Given a pointer that indicates where a structure is in the heap a
procedure to operate on that structure will need to know how much of the
heap is part of the same structure, i.e. what its size is.

There are three main cases, depending on the type of structure:

1. Contiguous fixed length (record classes):
    All instances of the type have the same length. E.g. all PAIRS have
    two elements. All RATIOS have two elements. All REFERENCES have only
    one element. A user-defined record calss might consist of three-
    element structures.

    In this the type of structure and its starting point in the heap
    (i.e. its address) suffices to determine how much of the heap
    the structure occupies.

2. Contiguous variable length (vector classes):
    Here different instances of the same type have different lengths.
    E.g. 'cat' and 'catch' are strings (character vectors) with three
    and five elements respectively. So knowing that something is a
    string does not tell you how long it is. Usually the length is
    indicated near the beginning of the structure. E.g. it might be
    in the first word of the structure.

3. Non-contiguous structures.
    Lists in POP-11 are made of two-element links called pairs. The
    pairs comprising one list may be scattered all over the heap. In
    this case the basic mechanisms manage only the contiguous structures
    and special purpose list processing procedures have to be defined
    for dealing with the non-contiguous virtual structures. E.g. the
    LISTLENGTH procedure chains down the list counting elements until
    it gets to the end. (Would it be possible to associate the remaining
    length with each list link, if each link had three, instead of two
    fields?)

There are also cases where the whole structure is never created in full.
Instead bits of it are created as they are needed. The dynamic list,
illustrated above, demonstrates this.

There are (at least) two reasons why non-contiguous structures are
sometimes needed.

a. At the time the structure is created it may not be known how many
elements it is going to have eventually. So the initial size allocated
on the heap may not be enough. If it later has to be extended there
may not be spare space adjacent to it on the heap. Instead of shifting
everything about to make more room it may be simpler to "chain"
different structures together, treating them as one large structure.

b. It may be necessary for one substructure to be part of two or more
larger structures. This can be achieved by allowing larger structures to
share sub-structures in different parts of the heap. E.g suppose you want
to make a list representing all the subsets of a set of elements in a
given list [a b c]. Including the empty set, which is a subset of
everything, the eight sub-sets would be (using the convention that
elements are stored in alphabetical order):

    1   2    3    4    5      6      7      8
    []  [a]  [b]  [c]  [a b]  [a c]  [b c]  [a b c]

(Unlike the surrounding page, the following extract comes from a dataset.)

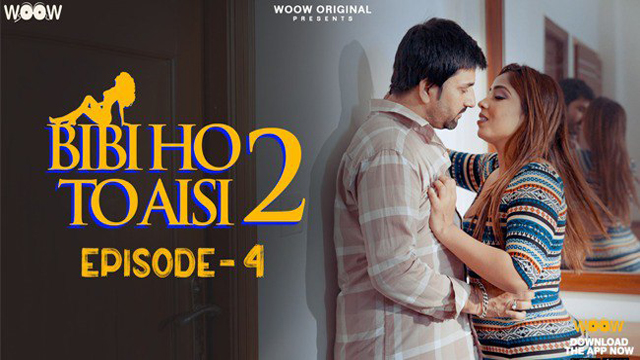 Bibi Ho To Aisi 2 2023 Woow Originals Hot Web Series Episode 04 Watch Online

By letting list 3 be the "tail" lf list 5, and letting list 4 be the
tail of lists 6 and 7, and letting 7 be the tail of 8, we can save quite
a lot of construction of new lists.


-- Tagged architectures -----------------------------------------------

Sometimes the type of a structure determines its length. Sometimes it
doesn't. But in any case it is necessary to determine the type of a
structure, e.g. in order to decide how an operation is to be applied
to it (e.g. how should it be printed? or how should two of them be
compared by the equality test?).

One way to indicate type is to use some extra bits in the "pointer",
which then has a type-field (or "tag") and an address-field saying where
the stucture is in the heap. Any procedure attempting to identify the
type need only look at the tag bits, and use them as a key into a
table.

A related technique is to divide the address space into different
"cages" and put data of different types in the different cages. The
different cage boundaries can then, in principle, be shifted around
depending on how many different instances there are of each type.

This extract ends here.